Monday, July 7, 2008

Air Power


Wright R-1820 radial engine. (Source: enginehistory.org)
Whale! As Y’all may have figured out by now… The wunderkind economy has sucked the lifeblood out of Air travel, as the romance of traveling by Aeroplane is simply a thing of the past, as we’ve all now become nothing more then lemmings in a tin can…

Thus, while in New York this past September, I had the good fortune to visit a wonderful museum in upstate New York while staying at Sadie Manor, as my wonderful hosts Robert & Cili took me up to Hammondsport to visit the Curtiss Aviation museum that I was totally unaware of.

Perhaps you’re wondering just who is this Curtiss chap, eh? His name is Glenn H. Curtiss and he was one of our early aviation pioneers, who got his start by first producing bicycles and motorcycles. The Hammondsport native would go on to one day be considered "The Father of Naval Aviation" along with being the “Founder of the American Aircraft Industry.” Instead of trying to re-invent the wheel, or in this case the aeroplane, I’ll refer you to an excellent article titled: Glenn H. Curtiss – 100 years ago for a full description of his amazing accomplishments.

As I’ve previously mentioned in the post titled Attractions, This is a gem of a museum tucked away in upstate New York.

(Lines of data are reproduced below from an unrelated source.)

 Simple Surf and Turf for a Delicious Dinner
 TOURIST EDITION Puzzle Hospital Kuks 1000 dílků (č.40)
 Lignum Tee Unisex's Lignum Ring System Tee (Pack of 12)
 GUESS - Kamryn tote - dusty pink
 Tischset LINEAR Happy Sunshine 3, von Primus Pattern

As the father of naval aviation, there’s an example of one of Curtiss’s early flying boats on display, as the museum is filled with examples of early motorcycles, aeroplane’s and aircraft engines, with the “Corncob”” engine being my favorite.

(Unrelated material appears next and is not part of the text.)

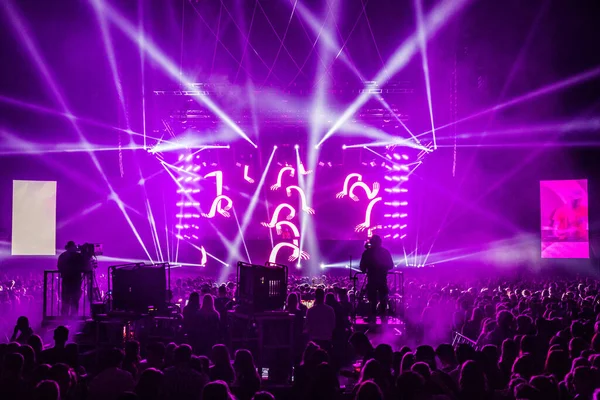 Die Chainsmokers Band Ziggo Dome Februar 2018 Amsterdam Niederlande — Stockfoto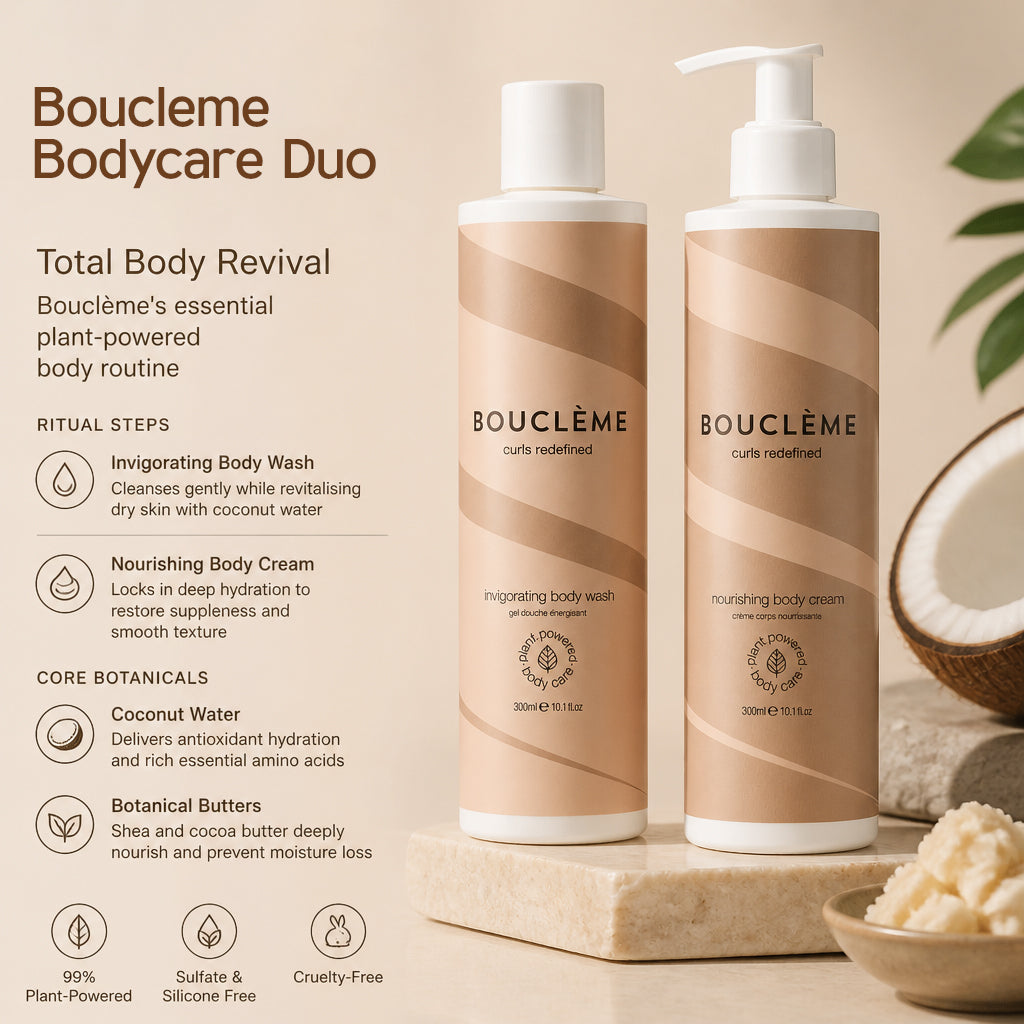 Bouclème Bodycare Duo - All - Curly Nest Spain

Howard Hughes utilized eight of these massive 28 cylinder air cooled behemoths as the power plants to lift the Spruce Goose off of the Long Beach harbor! The Pratt & Whitney R4360 Wasp Major air cooled engine was made up of four rows of seven cylinders fashioned in a helical arrangement to provide better cooling and equipped with a mechanical supercharger. This engine was the end of the line for piston engines designed during World War II, although they never saw service.

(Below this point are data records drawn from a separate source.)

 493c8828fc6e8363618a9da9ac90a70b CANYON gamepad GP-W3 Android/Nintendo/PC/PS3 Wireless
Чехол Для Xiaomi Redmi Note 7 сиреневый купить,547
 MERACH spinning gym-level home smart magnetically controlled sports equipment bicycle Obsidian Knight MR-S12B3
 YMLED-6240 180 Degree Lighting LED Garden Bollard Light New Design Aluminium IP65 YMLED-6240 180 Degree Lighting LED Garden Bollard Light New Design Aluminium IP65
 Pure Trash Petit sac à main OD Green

However, these monsters did find work as the motive power for the Boeing B-50 Super fortresses, although they were very problematic and the complicated engine start-up/shut down procedures could last for more than six hours! The initial R4360 engine weighed in at 3,482lbs and was rated at 3,000 horsepower. Final R4360 versions weighed 3,870lbs, rated at 4,300hp, as the additional weight and horsepower was due to the addition of two turbochargers.

If you’re an aviation buff, gearhead or fan of American nostalgia, then I highly recommend you visit this true gem if you’re ever in upstate New York… And while the thrill of modern air travel leaves something MORE to be desired, I’m certainly pleased to think that at least we’re not having to be exposed to the sub-freezing temperatures the countless persons had to endure in the exposed confines of the World War II Bombers!